しかし国王の返事は拒否でした。公国が技術を出すまで戦争を続けるとのことです。これにはあきれてものが言えませんでした。

「国王陛下、本当にそれでいいのですね。ヘンネルベリの民や貴族たちはそんな国王に付いてきますか。始まってしまった不幸はしょうがありませんが、その不幸の連鎖を断ち切ることができるのは陛下、あなたしかいないのですよ」

「強大で屈強なヘンネルベリ軍がちっぽけな公国軍に負けることなどありえないのだ。そちらから持ち込んだ停戦、苦しいのであろう。私の条件を飲めば楽になれるのだ。無駄な足掻きなどせずに負けを認めたらどうなのだ」

「どうあっても続けるとおっしゃるのですね。分かりました。王国は甚大な損害を出さなければわからないようなので王国軍の兵士には申し訳ありませんが犠牲になっていただきます。陛下の決断が間違っていたと後悔しないようにしてくださいね」


交渉が決裂してしまいましたので、次の段階に移るしかありません。防衛戦から追撃戦を行うように指示しました。ヘンネルベリの航空戦力を徹底的に叩く事にしたのです。王国軍の前線基地にある軍用機を破壊します。

合わせて海軍の船も大型のものをいくつか沈めます。亜空切断を使ってちょん切ればあっという間に沈没ですから。大型のエヴァ級を始め中型の船合わせて10隻程度に沈んでもらいます。最後に山の上の砦を破壊します。立てこもっている兵士たちに何の恨みもありませんが、これは戦争ですから致し方ありません。停戦を受け入れなかった国王の責任です。
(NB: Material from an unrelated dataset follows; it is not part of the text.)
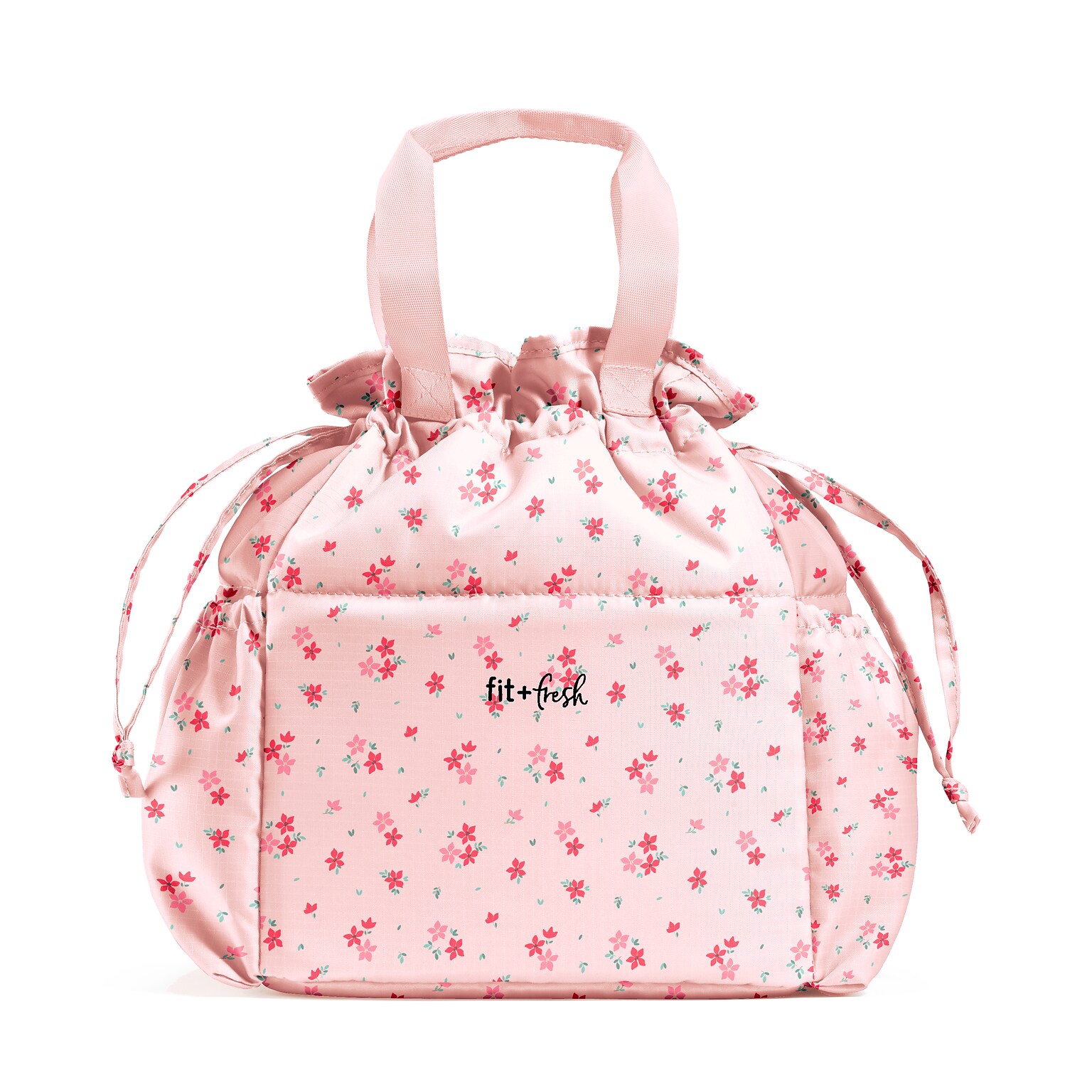Fit & Fresh Cromwell Cinch Insulated Lunch Bag, Pink Dainty Flowers (9072SX3861)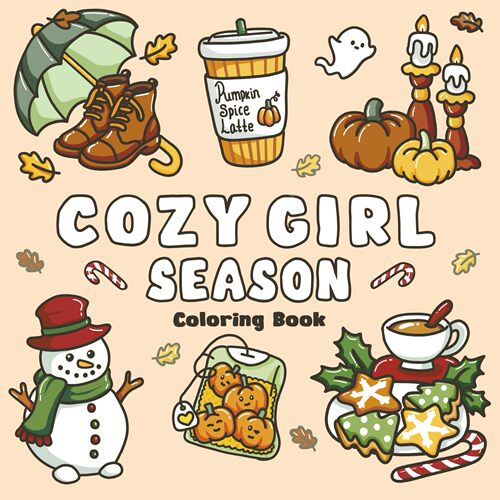 跨境新款Cozy Girl Season: Bold and Easy Coloring Book涂色书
軍用機と砦の破壊は航空隊に任せました。今までならこういう事は私がやったのですが、公国としての決意を示すためです。軍としてやるべきことをやる。そのための決断です。これは海軍でも同じです。エヴァ級は私の魔法で沈めましたが、他の艦の相手は軍に任せました。

こちらの攻撃から1週間、国王が拘束されたとの知らせが飛び込んできました。軍務卿をはじめとした軍部、財務局、商務局、内務局など多くの国政に関わる貴族が国王に対して退陣を求めたのでした。国王はそれを聞き入れずに拒絶の態度を取ったところ、近衛兵によって拘束されたそうです。今は暫定で王太子が執務を行っているようです。聞くところによるとこの王太子は国王のような野望は持っていないそうです。

その後しばらくして、この王太子から講和の申し入れがありました。ヘンネルベリ王国とミルランディア公国の争いは終結しました。双方に何ももたらさない無益な争いでした。